Il trauma della sparizione del padre e della successiva fuga accompagnano Ylli per tutta la vita: poteva il genitore essere stato portato via solo per “una maledetta stella”?
Ad Amsterdam il protagonista cresce adattandosi passo dopo passo alla nuova vita, frequentando una scuola professionale per cuochi e scrivendo poesie. Le vecchie paure e inquietudini però sembrano non abbandonarlo mai, e crescono con lui. Ylli maledice la sua mente che vaga ogni giorno senza meta scrutando il cielo e ripropone sempre gli stessi sogni: le bandiere, il padre che usava un binocolo per guardare le stelle, la precipitosa fuga dall’Albania verso la speranza di un mondo migliore. La sua anima fragilissima e inquieta condiziona ogni aspetto della sua vita e cerca riparo – inutilmente – ina una terra che non è la sua.
Negli anni della giovinezza olandese Ylli incontra Zhaneta, anche lei emigrata albanese, su cui riversa la sua fragilità, le sue ossessioni e a tratti i suoi sentimenti sessuali e sadici.
Il legame con Zhaneta si stringe a doppio filo anche a seguito di un secondo forte trauma: l’uccisione, proprio per mano della ragazza, di un uomo albanese che come Ylli cercava il padre, fatto sparire dalla polizia albanese.
La ragazza, che diventerà poi sua moglie e madre di suo figlio, non solo è una psichiatra, ma si scopre essere anche la primogenita dell’ex capo della polizia segreta albanese durante il regime. In Ylli brucia quindi il desiderio di utilizzare la famiglia della donna per scoprire qualcosa di più su ciò che è davvero successo al padre: può essere questa la volta buona per fare luce sul mistero più grande e ossessionante della sua vita?
Il romanzo di Palluqi mostra le due facce di una stessa medaglia: egli riesce, da un lato, a farci conoscere, seppur nella finzione di un romanzo, l’atrocità e l’omertà della dittatura di Hoxha, che hanno continuato ad esistere e ad influenzare le vite di molti albanesi anche a decenni dalla caduta del regime; dall’altro, quasi come conseguenza del primo, a scavare nel profondo psicologico di chi ha vissuto quel momento storico direttamente o indirettamente, e mostra ai lettori il risultato traumatico di tutto ciò: vivere per sempre la propria vita dentro una gabbia.

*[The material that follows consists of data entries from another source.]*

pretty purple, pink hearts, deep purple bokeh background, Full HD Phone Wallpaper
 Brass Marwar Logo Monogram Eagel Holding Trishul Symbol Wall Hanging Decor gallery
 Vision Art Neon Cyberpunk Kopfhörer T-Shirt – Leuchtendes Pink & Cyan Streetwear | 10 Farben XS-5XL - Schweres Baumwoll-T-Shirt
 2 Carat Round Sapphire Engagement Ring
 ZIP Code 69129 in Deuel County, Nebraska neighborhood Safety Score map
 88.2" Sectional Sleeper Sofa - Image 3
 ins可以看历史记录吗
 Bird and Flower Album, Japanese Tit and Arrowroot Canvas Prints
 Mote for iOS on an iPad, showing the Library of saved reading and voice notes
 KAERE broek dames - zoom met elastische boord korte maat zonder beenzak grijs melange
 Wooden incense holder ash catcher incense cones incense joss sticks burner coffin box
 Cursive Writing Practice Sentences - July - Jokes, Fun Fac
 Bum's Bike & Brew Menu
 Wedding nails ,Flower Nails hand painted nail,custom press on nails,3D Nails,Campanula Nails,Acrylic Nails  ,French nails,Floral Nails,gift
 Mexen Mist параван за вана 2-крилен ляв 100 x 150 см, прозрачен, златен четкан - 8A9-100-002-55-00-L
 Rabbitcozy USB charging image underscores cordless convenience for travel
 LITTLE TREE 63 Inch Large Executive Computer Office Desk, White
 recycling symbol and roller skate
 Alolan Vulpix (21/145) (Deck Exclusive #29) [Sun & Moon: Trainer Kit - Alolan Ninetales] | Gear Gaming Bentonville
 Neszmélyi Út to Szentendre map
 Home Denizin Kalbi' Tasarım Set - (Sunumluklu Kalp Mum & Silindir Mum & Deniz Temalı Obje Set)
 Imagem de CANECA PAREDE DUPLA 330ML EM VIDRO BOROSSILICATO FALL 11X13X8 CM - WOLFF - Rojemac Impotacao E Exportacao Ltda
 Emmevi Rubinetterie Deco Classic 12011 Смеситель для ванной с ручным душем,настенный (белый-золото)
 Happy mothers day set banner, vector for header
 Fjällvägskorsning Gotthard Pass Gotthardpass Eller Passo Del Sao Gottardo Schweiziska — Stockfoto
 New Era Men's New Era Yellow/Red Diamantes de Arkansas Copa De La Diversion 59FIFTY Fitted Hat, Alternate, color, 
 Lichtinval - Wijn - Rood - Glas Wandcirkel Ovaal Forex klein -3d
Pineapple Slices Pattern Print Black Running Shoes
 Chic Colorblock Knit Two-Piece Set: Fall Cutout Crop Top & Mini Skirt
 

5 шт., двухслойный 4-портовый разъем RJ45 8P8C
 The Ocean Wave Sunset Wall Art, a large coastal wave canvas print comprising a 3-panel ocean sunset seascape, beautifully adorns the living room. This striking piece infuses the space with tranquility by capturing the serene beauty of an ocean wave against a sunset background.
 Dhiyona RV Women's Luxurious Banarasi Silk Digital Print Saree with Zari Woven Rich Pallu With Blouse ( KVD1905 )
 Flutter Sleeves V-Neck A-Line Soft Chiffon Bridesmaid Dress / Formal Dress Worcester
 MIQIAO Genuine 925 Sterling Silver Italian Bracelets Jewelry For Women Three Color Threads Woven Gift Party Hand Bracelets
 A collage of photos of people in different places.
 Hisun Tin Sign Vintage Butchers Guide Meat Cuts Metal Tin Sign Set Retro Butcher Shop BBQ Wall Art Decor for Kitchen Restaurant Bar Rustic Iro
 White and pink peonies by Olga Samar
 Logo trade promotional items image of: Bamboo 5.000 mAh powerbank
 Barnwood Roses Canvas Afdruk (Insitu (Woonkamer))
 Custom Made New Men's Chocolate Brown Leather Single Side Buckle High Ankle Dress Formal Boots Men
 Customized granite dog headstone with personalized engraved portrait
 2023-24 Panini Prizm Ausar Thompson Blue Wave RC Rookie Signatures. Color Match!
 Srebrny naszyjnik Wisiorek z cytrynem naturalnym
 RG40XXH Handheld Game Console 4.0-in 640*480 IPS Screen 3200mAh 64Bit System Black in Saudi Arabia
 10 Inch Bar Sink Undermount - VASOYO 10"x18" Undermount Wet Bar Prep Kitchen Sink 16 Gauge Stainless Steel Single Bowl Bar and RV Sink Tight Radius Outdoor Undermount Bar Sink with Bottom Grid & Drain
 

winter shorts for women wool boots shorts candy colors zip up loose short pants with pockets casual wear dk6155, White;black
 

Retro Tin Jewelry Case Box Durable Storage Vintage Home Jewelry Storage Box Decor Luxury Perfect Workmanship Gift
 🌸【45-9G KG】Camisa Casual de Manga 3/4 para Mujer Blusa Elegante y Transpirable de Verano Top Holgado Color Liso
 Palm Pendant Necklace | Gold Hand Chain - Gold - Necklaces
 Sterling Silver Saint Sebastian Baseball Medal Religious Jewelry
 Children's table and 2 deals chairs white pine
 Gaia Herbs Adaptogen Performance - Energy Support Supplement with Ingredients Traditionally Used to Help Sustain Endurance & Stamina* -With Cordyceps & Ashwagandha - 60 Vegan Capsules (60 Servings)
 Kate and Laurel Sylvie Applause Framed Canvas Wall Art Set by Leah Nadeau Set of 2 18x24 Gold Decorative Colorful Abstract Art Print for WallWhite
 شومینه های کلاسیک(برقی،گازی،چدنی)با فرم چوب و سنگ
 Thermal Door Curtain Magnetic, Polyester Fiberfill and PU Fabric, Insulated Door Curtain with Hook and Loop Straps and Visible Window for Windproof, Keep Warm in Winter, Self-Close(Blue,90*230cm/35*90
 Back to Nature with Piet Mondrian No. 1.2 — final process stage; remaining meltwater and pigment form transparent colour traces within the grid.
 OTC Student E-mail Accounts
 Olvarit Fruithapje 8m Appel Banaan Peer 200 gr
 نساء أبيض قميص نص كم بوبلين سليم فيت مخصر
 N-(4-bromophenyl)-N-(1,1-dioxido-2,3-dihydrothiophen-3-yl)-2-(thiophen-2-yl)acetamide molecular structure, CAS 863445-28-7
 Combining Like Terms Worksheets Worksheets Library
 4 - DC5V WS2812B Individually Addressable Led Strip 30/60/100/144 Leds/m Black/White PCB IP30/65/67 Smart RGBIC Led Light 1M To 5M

Ogni aspetto della vita di Ylli è una gabbia: Zhaneta è una gabbia, perché è una moglie ambigua e inattendibile, il suocero è una gabbia, la sua famiglia è una gabbia, Amsterdam è una gabbia, il tempo che passa e che non restituisce la verità è una gabbia. E, sopratutto, l’Albania è per lui una gabbia, lontana ma infrangibile, la più opprimente di tutte.